= What is required =
Each line below should be repeated exactly as written, with no pictures carried over.
····················
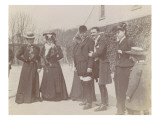 Villers-Cotterêts  personnages dans la cour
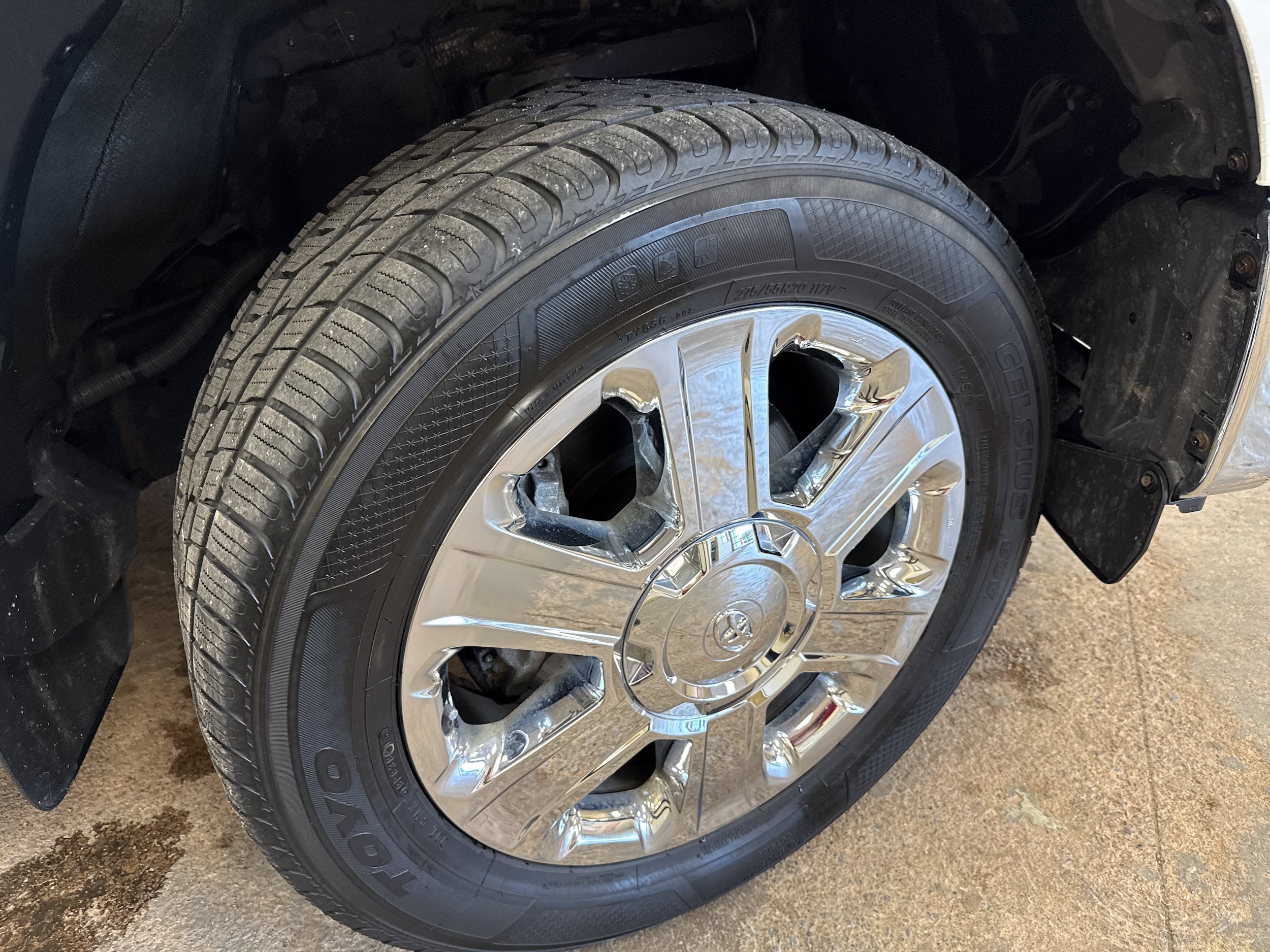 Used 2019 Toyota Tundra 1794 Edition AWD/4WD image 10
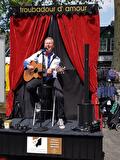 Troubadour d'amour, zanger-gitarist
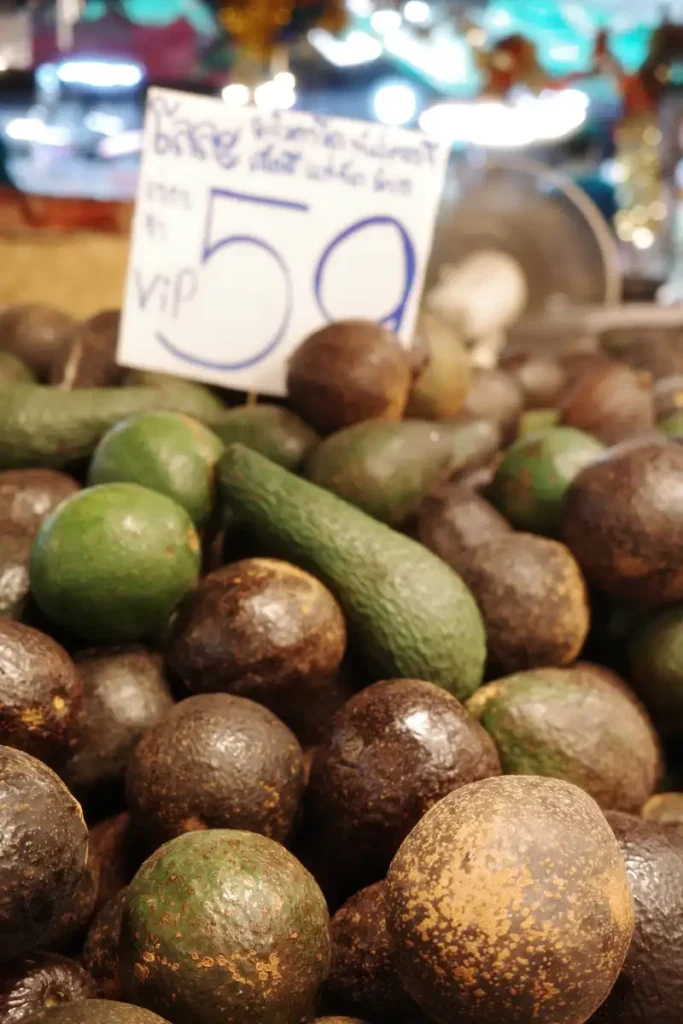 avocado in una bancarella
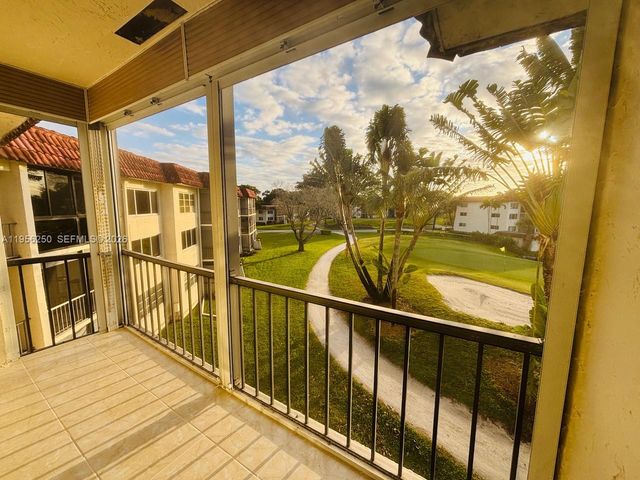 411 S Hollybrook Drive 305, Pembroke Pines, FL 33025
····················
= Answer =
 Villers-Cotterêts  personnages dans la cour
 Used 2019 Toyota Tundra 1794 Edition AWD/4WD image 10
 Troubadour d'amour, zanger-gitarist
 avocado in una bancarella
 411 S Hollybrook Drive 305, Pembroke Pines, FL 33025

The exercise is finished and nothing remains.